== Segment start ==
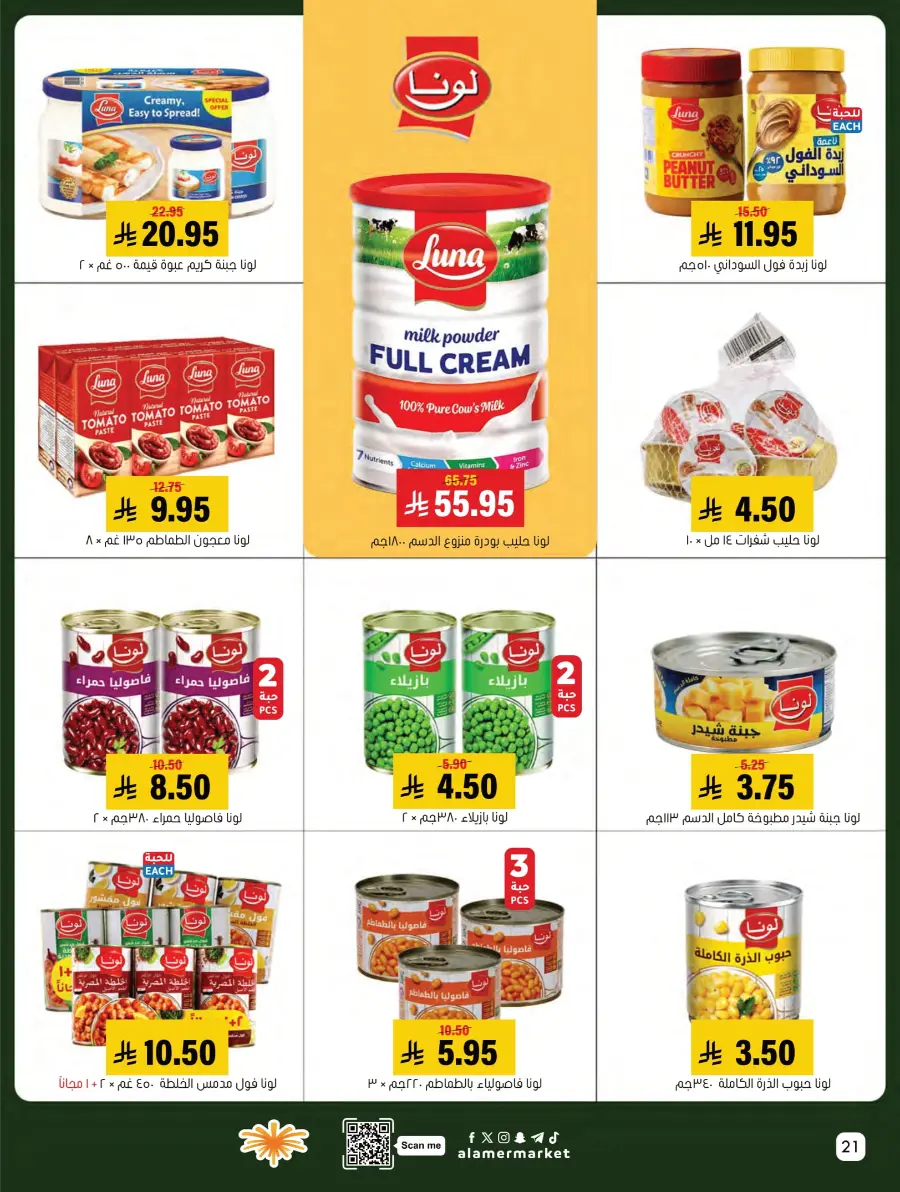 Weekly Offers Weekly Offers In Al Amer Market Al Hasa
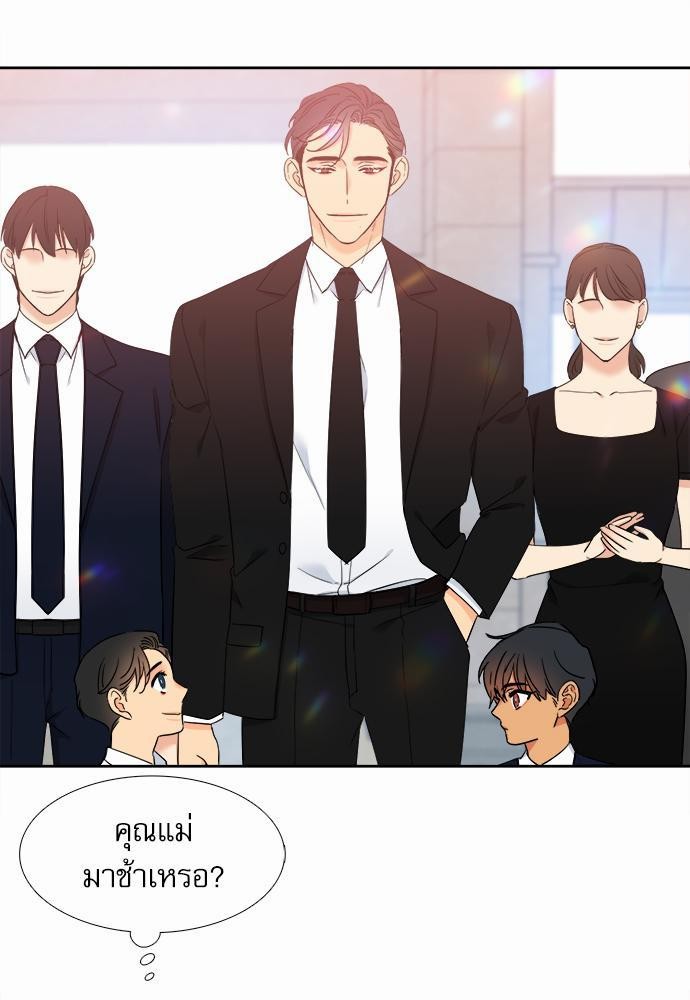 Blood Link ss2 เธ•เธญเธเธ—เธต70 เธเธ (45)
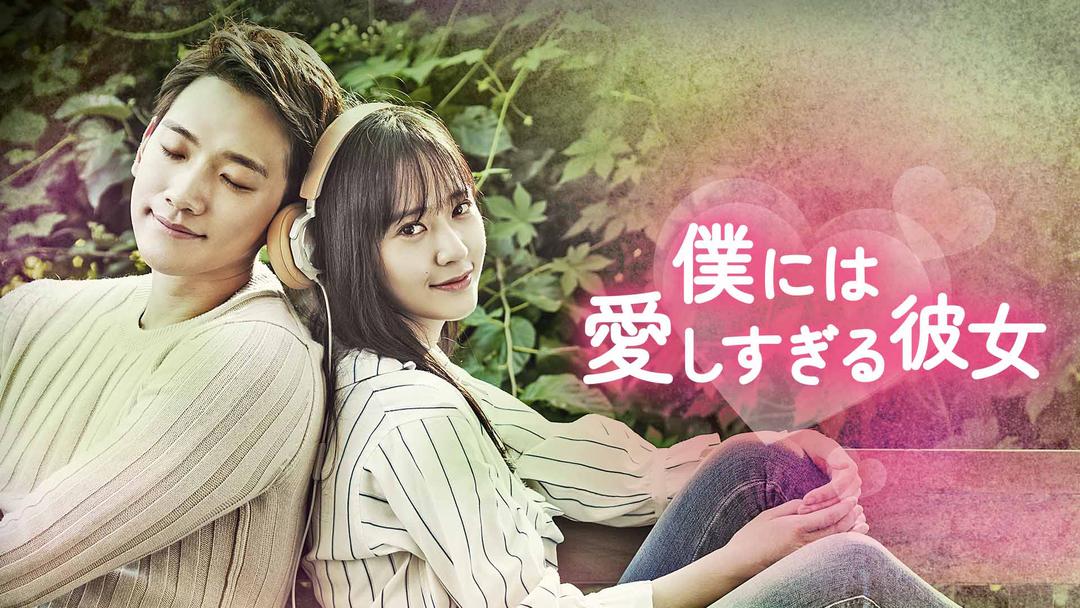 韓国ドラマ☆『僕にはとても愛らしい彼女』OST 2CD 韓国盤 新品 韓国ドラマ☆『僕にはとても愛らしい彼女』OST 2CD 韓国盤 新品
== Segment end ==
_Instructions for the task_. The whole listing above, line by line, needs to be copied exactly, except for any images.

_Finished task_.
 Weekly Offers Weekly Offers In Al Amer Market Al Hasa
 Blood Link ss2 เธ•เธญเธเธ—เธต70 เธเธ (45)
 韓国ドラマ☆『僕にはとても愛らしい彼女』OST 2CD 韓国盤 新品 韓国ドラマ☆『僕にはとても愛らしい彼女』OST 2CD 韓国盤 新品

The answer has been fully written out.